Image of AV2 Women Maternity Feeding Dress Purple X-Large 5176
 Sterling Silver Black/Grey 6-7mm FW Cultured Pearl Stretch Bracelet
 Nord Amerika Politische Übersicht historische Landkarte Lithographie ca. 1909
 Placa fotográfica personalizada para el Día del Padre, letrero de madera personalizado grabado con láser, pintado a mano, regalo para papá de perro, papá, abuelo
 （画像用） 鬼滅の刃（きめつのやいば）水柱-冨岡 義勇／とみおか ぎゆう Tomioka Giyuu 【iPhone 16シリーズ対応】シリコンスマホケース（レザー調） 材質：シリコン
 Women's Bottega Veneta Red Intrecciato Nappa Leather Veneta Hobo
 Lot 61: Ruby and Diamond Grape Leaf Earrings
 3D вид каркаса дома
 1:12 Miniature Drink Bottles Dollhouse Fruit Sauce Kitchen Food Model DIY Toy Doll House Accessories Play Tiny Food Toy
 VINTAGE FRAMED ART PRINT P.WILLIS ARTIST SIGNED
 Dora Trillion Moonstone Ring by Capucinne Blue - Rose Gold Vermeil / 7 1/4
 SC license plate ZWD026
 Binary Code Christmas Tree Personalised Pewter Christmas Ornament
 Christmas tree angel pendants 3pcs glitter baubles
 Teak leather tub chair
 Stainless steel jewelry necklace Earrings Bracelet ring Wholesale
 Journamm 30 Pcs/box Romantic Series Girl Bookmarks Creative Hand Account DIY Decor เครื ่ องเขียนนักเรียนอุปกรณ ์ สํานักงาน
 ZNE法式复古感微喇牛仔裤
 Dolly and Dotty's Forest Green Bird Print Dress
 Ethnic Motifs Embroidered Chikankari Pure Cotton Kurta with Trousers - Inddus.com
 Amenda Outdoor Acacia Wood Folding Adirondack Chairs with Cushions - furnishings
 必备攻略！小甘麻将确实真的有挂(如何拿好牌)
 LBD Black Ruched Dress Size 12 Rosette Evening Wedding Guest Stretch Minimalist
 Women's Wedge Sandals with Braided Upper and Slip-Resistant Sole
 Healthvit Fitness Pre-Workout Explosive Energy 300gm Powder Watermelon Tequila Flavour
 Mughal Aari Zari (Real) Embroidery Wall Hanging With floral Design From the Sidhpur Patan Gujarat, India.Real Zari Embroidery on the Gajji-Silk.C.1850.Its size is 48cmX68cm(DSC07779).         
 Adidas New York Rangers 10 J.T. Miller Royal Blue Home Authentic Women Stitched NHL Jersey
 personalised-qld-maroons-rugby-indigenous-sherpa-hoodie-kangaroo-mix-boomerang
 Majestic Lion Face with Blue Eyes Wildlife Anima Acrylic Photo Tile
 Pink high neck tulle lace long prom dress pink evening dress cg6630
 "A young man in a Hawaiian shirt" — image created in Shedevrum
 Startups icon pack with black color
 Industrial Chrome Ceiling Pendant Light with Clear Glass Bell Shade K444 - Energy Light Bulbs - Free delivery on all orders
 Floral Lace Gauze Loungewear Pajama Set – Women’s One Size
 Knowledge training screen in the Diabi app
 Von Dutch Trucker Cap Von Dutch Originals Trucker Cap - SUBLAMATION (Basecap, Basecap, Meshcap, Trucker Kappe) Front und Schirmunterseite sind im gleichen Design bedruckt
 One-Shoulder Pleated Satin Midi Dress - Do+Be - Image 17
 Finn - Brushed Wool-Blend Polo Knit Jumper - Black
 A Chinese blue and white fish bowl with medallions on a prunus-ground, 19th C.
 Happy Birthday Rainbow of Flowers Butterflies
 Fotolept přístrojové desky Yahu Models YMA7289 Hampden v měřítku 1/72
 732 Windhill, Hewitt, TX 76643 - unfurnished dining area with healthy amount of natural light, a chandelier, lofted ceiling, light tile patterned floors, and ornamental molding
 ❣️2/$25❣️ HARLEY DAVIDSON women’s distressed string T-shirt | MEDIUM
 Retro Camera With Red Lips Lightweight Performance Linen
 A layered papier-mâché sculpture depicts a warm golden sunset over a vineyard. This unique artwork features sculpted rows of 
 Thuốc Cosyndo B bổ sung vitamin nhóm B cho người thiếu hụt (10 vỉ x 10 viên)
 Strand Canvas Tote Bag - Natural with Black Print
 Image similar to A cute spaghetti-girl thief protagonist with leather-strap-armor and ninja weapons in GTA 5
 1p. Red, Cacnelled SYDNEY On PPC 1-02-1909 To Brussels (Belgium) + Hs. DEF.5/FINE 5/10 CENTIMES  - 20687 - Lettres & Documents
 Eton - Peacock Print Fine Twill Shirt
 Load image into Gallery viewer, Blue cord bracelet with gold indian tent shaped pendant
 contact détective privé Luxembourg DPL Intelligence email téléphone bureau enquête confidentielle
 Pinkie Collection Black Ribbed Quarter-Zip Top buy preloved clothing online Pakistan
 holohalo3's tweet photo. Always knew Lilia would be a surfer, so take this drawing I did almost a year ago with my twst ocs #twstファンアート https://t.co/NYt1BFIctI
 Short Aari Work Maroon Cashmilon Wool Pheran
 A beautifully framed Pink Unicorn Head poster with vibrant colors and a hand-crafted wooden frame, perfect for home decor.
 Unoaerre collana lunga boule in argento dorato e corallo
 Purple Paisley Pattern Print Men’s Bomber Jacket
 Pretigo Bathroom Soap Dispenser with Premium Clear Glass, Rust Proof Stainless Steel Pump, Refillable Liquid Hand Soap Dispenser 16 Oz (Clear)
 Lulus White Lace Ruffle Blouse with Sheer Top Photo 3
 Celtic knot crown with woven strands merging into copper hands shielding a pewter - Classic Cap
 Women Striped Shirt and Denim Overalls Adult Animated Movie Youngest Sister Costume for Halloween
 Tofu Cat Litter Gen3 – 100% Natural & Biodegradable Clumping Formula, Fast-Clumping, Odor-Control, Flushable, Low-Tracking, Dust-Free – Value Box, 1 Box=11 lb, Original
....
Activity: In the listing above, find the line holding "Unoaerre collana lunga" and the line holding "Lulus White Lace", then output those two lines and every line between them exactly.

Task answer:
 Unoaerre collana lunga boule in argento dorato e corallo
 Purple Paisley Pattern Print Men’s Bomber Jacket
 Pretigo Bathroom Soap Dispenser with Premium Clear Glass, Rust Proof Stainless Steel Pump, Refillable Liquid Hand Soap Dispenser 16 Oz (Clear)
 Lulus White Lace Ruffle Blouse with Sheer Top Photo 3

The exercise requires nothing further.